When Matthew Bowman ’20 explains to people that his science research project doesn’t involve test tubes or complex equations, he often gets a perplexed reaction.
That’s because Bowman is researching science education in hopes of improving teacher practices. His summer PRISM project with Dr. Benjamin Campbell focuses on qualitative research that straddles the social science and natural science spheres.
“This is very different from other research projects—it’s people, not test tubes,” said Bowman. “When you are working with people, you have to go about it a whole different way.”
The rising junior from Martinsville is no stranger to a heavy workload. He is majoring in biology with minors in chemistry and earth science, and a concentration in secondary education. His career goal is to become a science teacher and then move into school administration.
“Good science education research is about improving practice,” said Campbell, assistant professor of science education. “Matthew is a future teacher, and he’s already doing research on improving teacher practice. It’s going to segue nicely into what he’s going to be doing in two short years.”
Bowman is among the Longwood students selected to participate in eight weeks of intensive research through the university’s signature PRISM summer research program. The program pairs a faculty member with a student for one-on-one collaboration on projects in biology, chemistry, environmental science, science education, mathematics, computer science, physics and psychology.
This is very different from other research projects—it’s people, not test tubes. When you are working with people, you have to go about it a whole different way.Matthew Bowman ’20
The ultimate goal of Campbell’s PRISM project is to develop a planning tool to help science teachers better conceive and organize their lessons.
“In our methods classes, we teach pedagogy, but I don’t think a lot of students make the connection that someone had to research how we should plan lessons or how we should map out, scope and sequence for a unit,” Campbell said. “A lot of undergraduates don’t get the perspective of how that research comes about, but this summer Matthew is.”
As part of the project, Campbell and Bowman interviewed a group of local high-school science teachers and had them complete a representation of photosynthesis and cellular respiration.
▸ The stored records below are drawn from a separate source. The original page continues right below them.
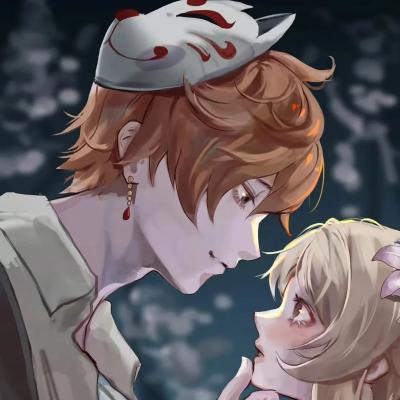 很甜可爱的动漫情头(22张)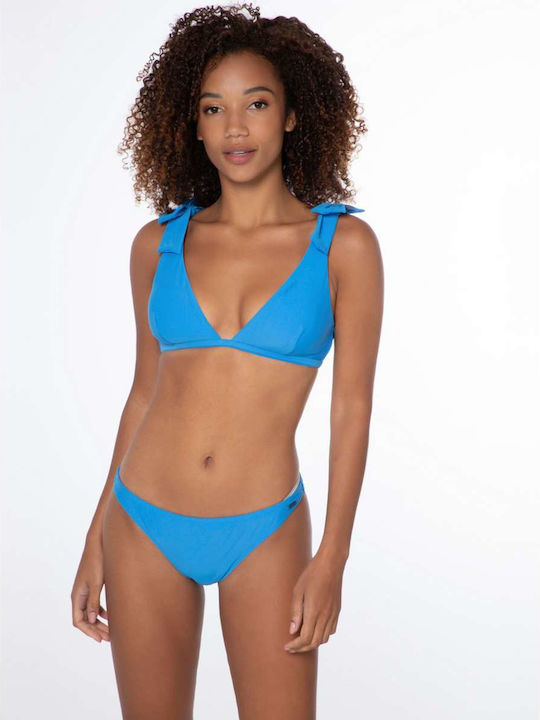 Set Bikini Τριγωνάκι Μπλε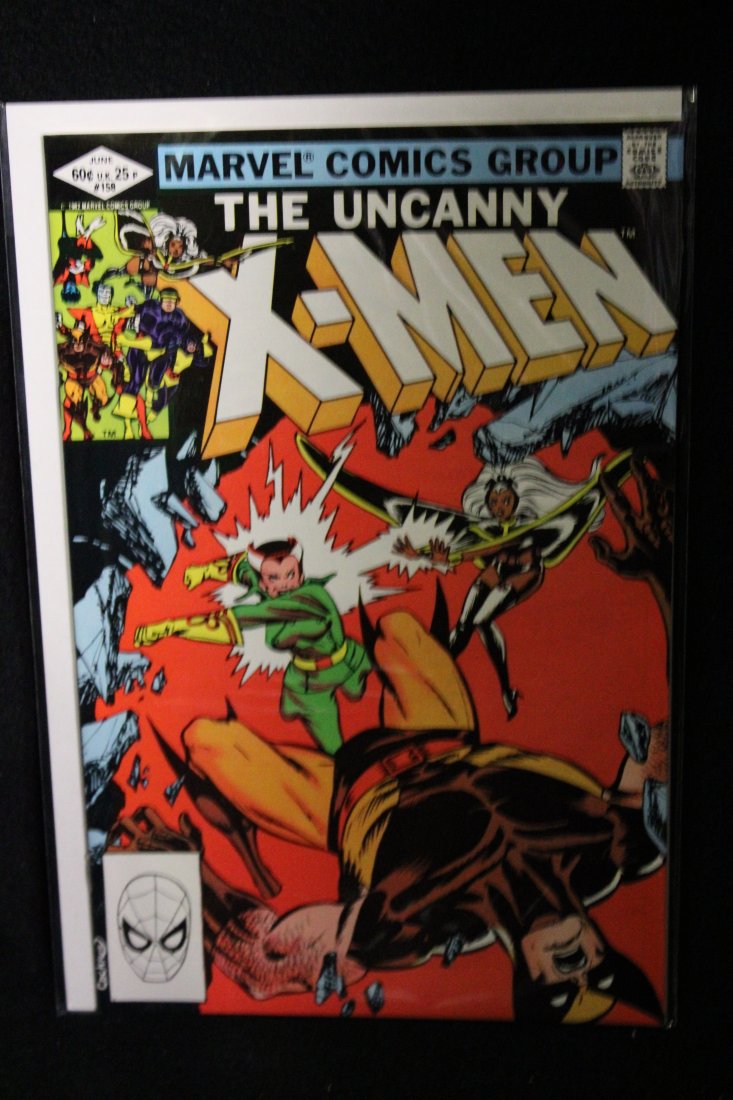 UNCANNY X-MEN #158 1ST APP ROGUE IN X-MEN TITLE: UNCANNY X-MEN #158 1ST APP ROGUE IN X-MEN TITLE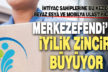 Merkezefendi’de iyilik zinciri büyüyor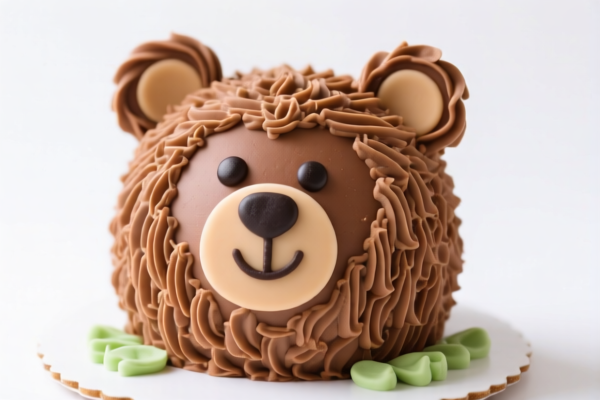 Bear Cake Decoration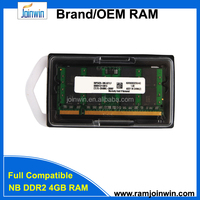 Mémoire RAM DDR2 4 Go ECC pour ordinateur portable en stock, livraison rapide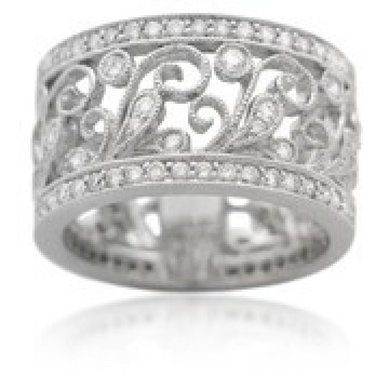 Обручальное кольцо A10531 - Ювелирная компания AdamantCROWN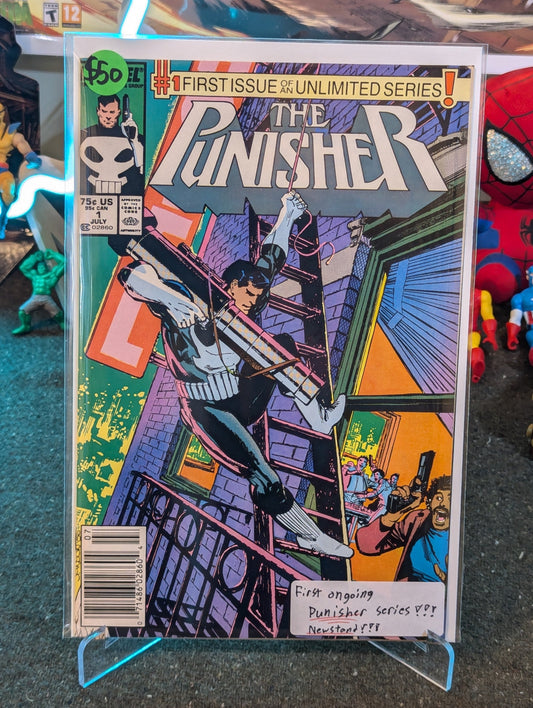 PUNISHER #1 (1987) NEWSTAND KEY ISSUE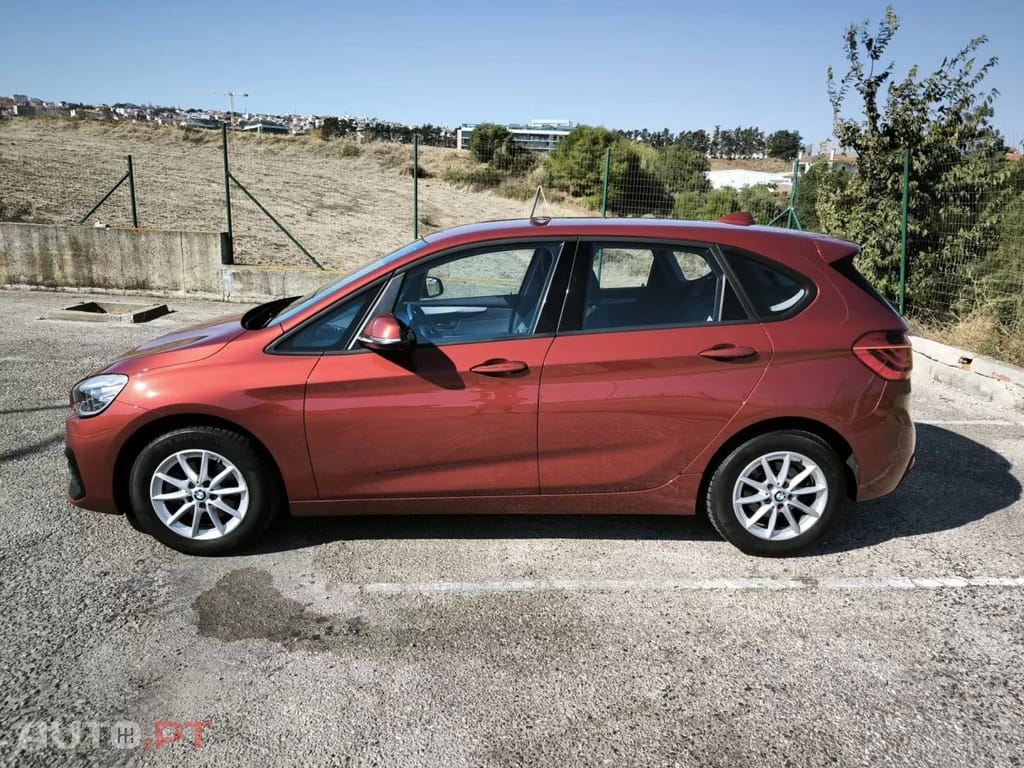 BMW 216 d Line Luxury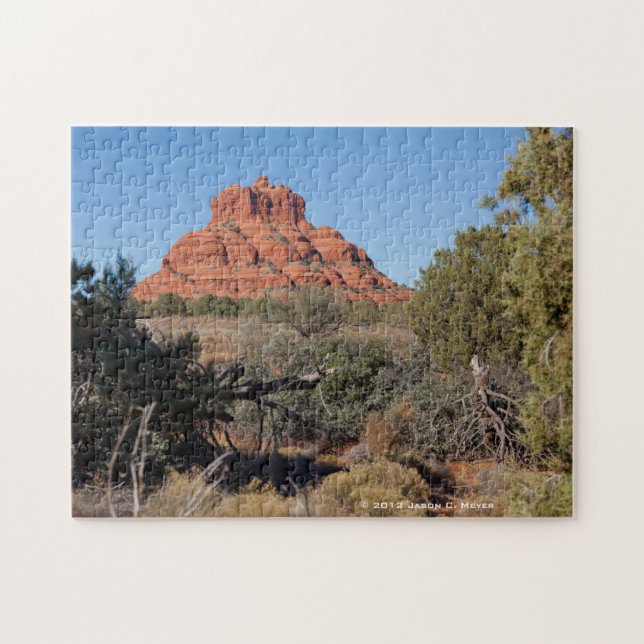 Bell-Felsen Puzzle (Horizontal)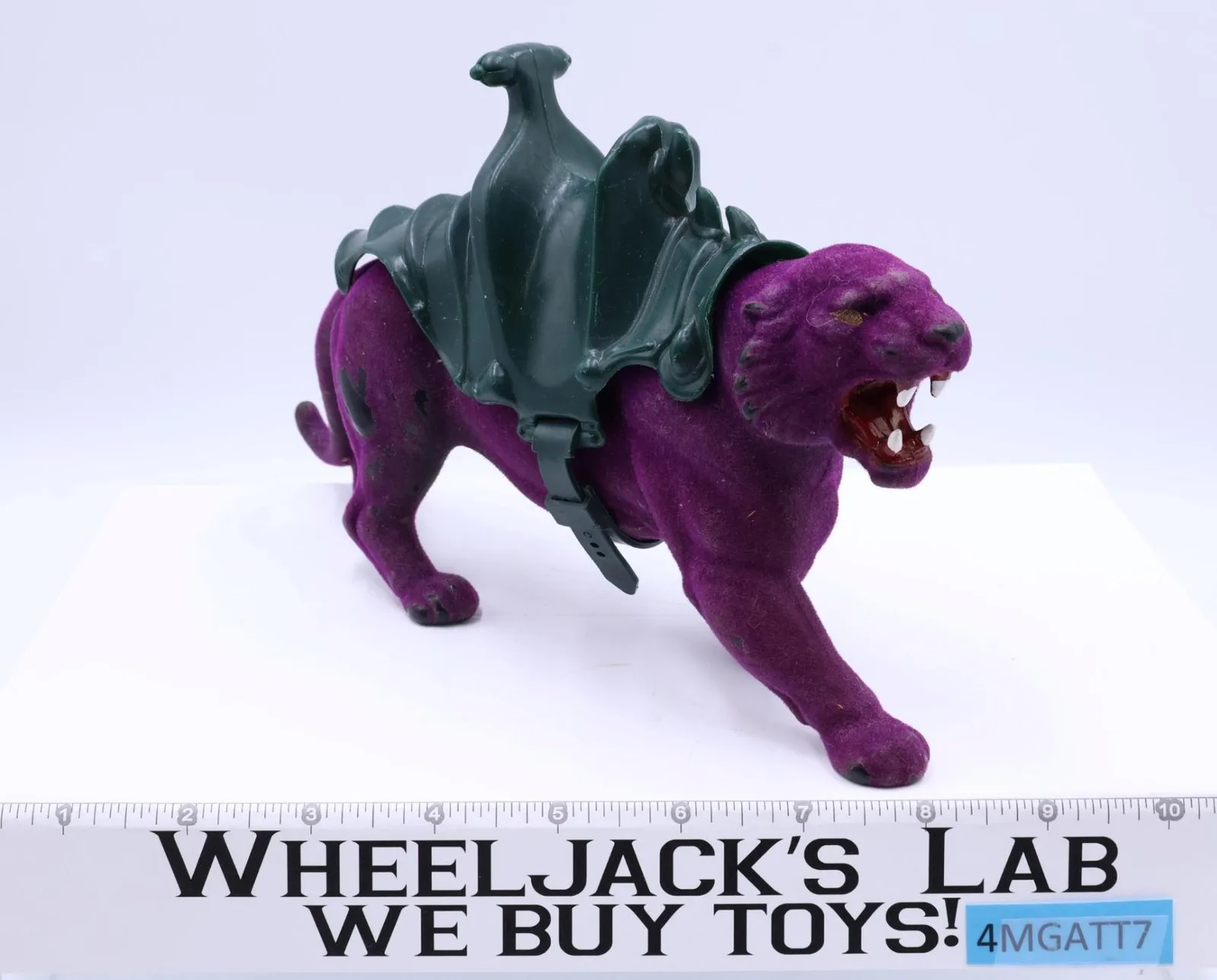 Panthor Complete He-Man Masters of the Universe MOTU 1983 Mattel Action Figure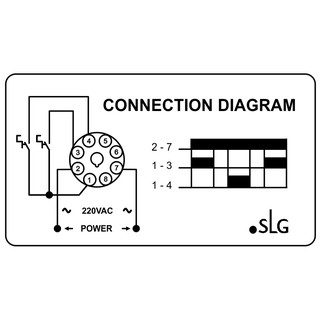 Bộ định thời gian đảo chiều động cơ SLG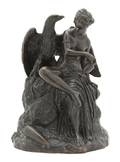 A French Bronze Figural Group Pradier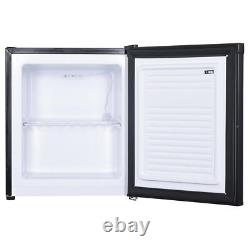 Counter Top Freezer with Lock, 33L, Reversible Door, Black, Igenix IG3751BL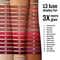 Lakme Bejewel 3D Matte Slim Bullet Lipstick with Vitamin E for Hydrated Lips - Nude Souvenir (3.4 g)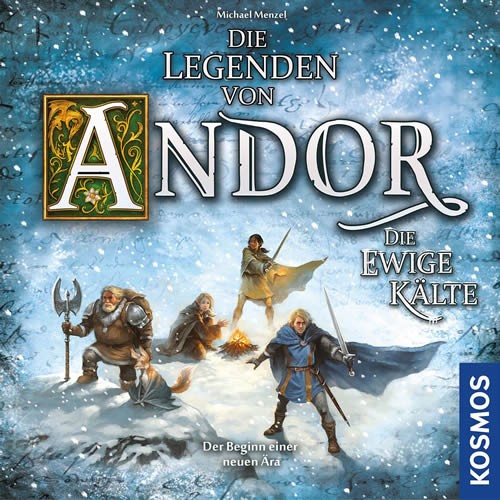 Continentaal alliantie Illusie Preorder - De Legenden van Andor: De Eeuwige Kou (NL) (verwacht augustus  2023)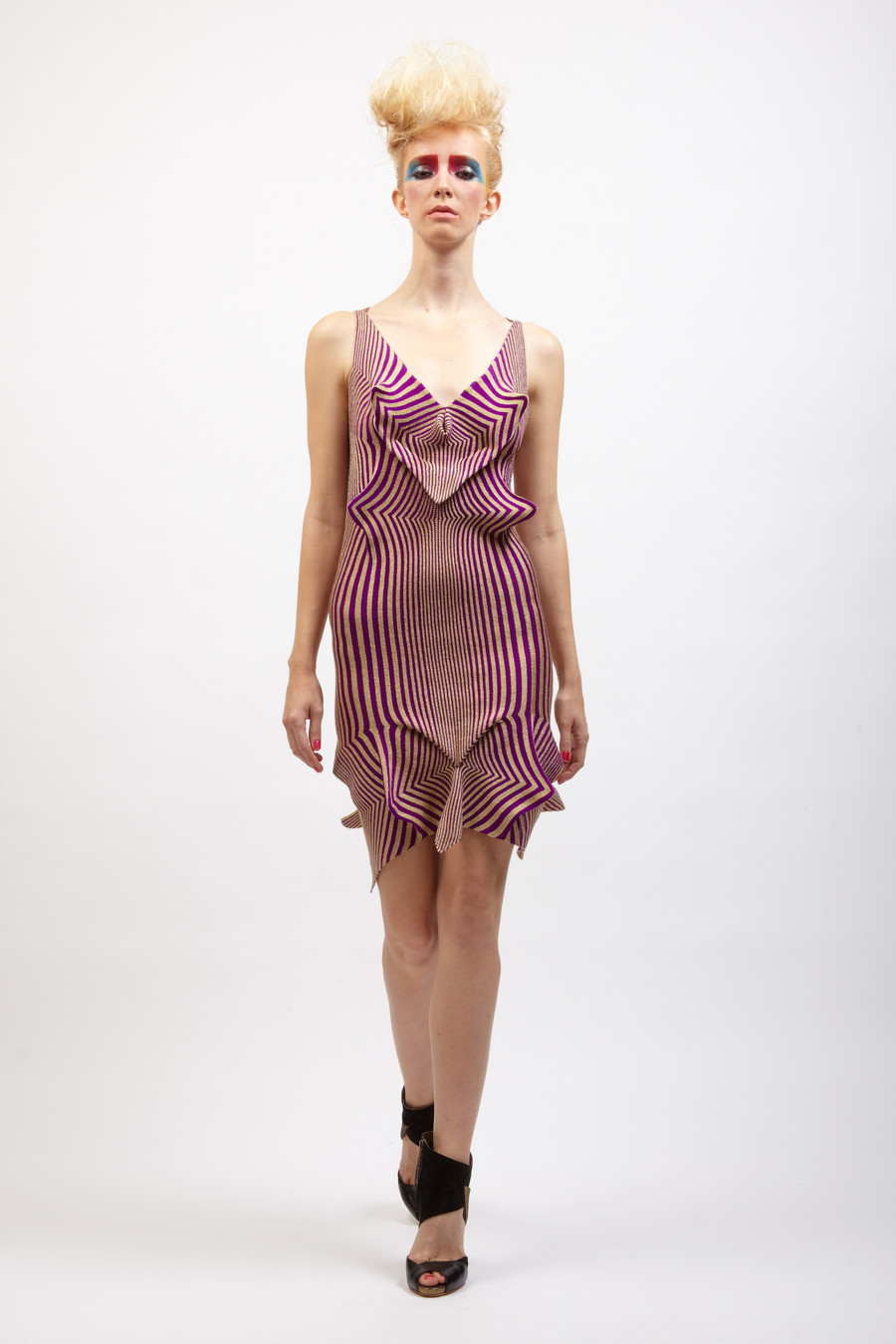 interstellar patterned knit look 5
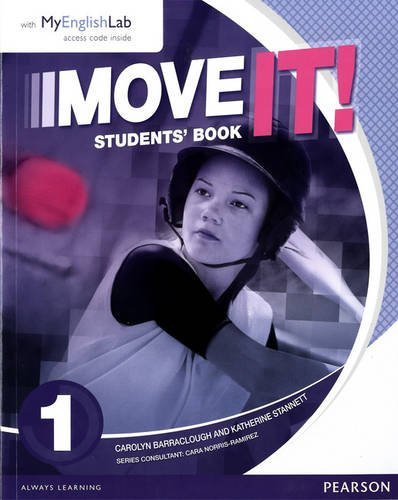 

Move It! 1 Students' Book & MyEnglishLab Pack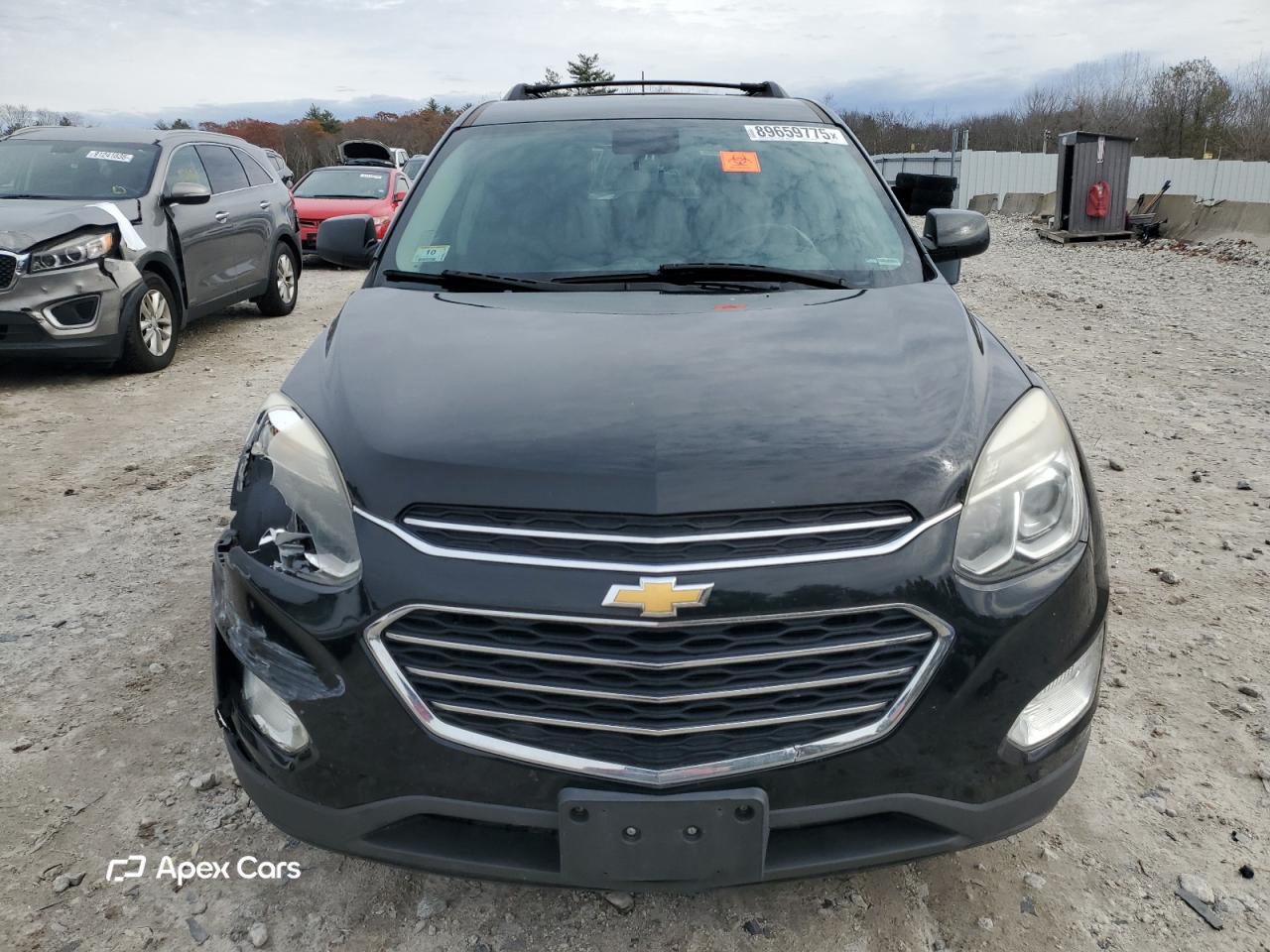 Chevrolet Equinox 2016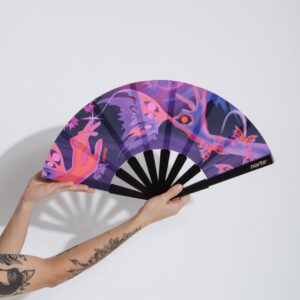 Abanico Conexión Lilac XL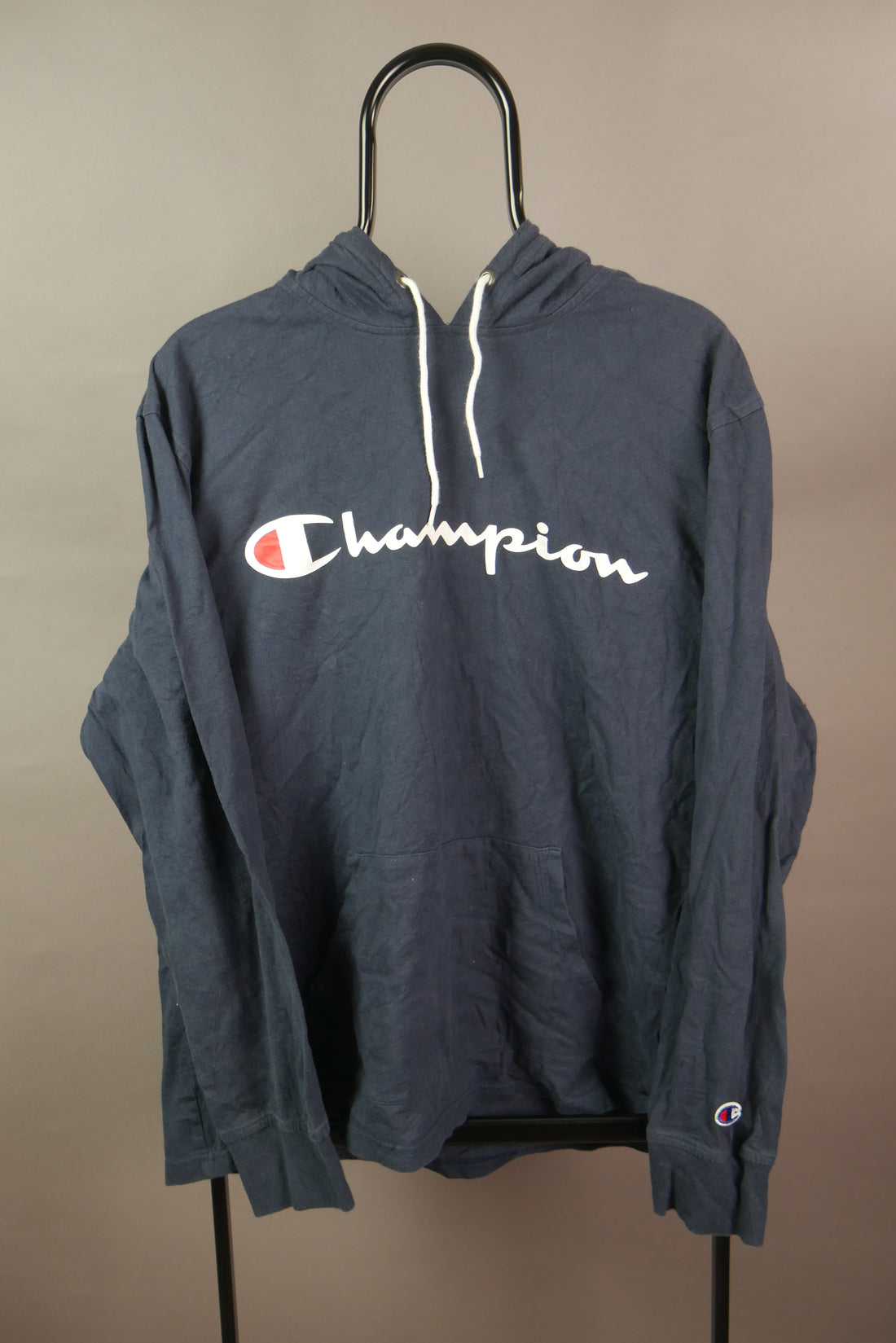 The Champion Logo Graphic Hoodie (XL)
Then the researchers scored the representation and accompanying explanation to see if the teachers were incorporating broader Advanced Placement (AP) standards in the lesson or if their drawings reflected only Standards of Learning (SOL) basics.
“Most teachers have a college or higher-level degree in science, so they should be using that training,” Bowman explained. “We are looking to see if teachers are incorporating the bigger picture.”
Bowman began working on the project in January, and he said PRISM has helped to improve his critical thinking, professional and presentation skills. His experience in mapping curriculum will also be beneficial once he moves into the classroom.
“This is valuable information that I’m going to use on day one when I become a teacher,” Bowman said. “I can take this concept model and use it as a planning tool.”
Once phase one of the project is complete, Campbell and Bowman will continue to phase two. In total they will be testing16 different concept models that cover the four areas of high-school science: earth science, biology, chemistry and physics. Campbell is collaborating with a colleague at Brigham Young University in Utah who is conducting the same project. They plan to combine their work to produce a larger data set.
At the end of the project, Bowman will make a presentation about his research and write a paper. He and Campbell are hoping to modify the presentation and present it next summer at the Virginia Academy of Sciences annual meeting. They will also look to submit the paper for publication.
Bowman, a member of the Cormier Honors College and a Longwood Ambassador, said that during his college search he was enticed by the one-on-one research opportunities Longwood provides. It’s one of the aspects of academic life he now highlights for prospective students in his work with the Longwood admissions office.
“It’s fantastic and amazing that we have a program like PRISM,” said Campbell, a former high-school science teacher who joined the ranks of Longwood faculty in 2016. “It’s so supportive, generous and accessible. I think every faculty member in the science building who has wanted to participate has done it at least once. There’s a lot of support in general for student research here.”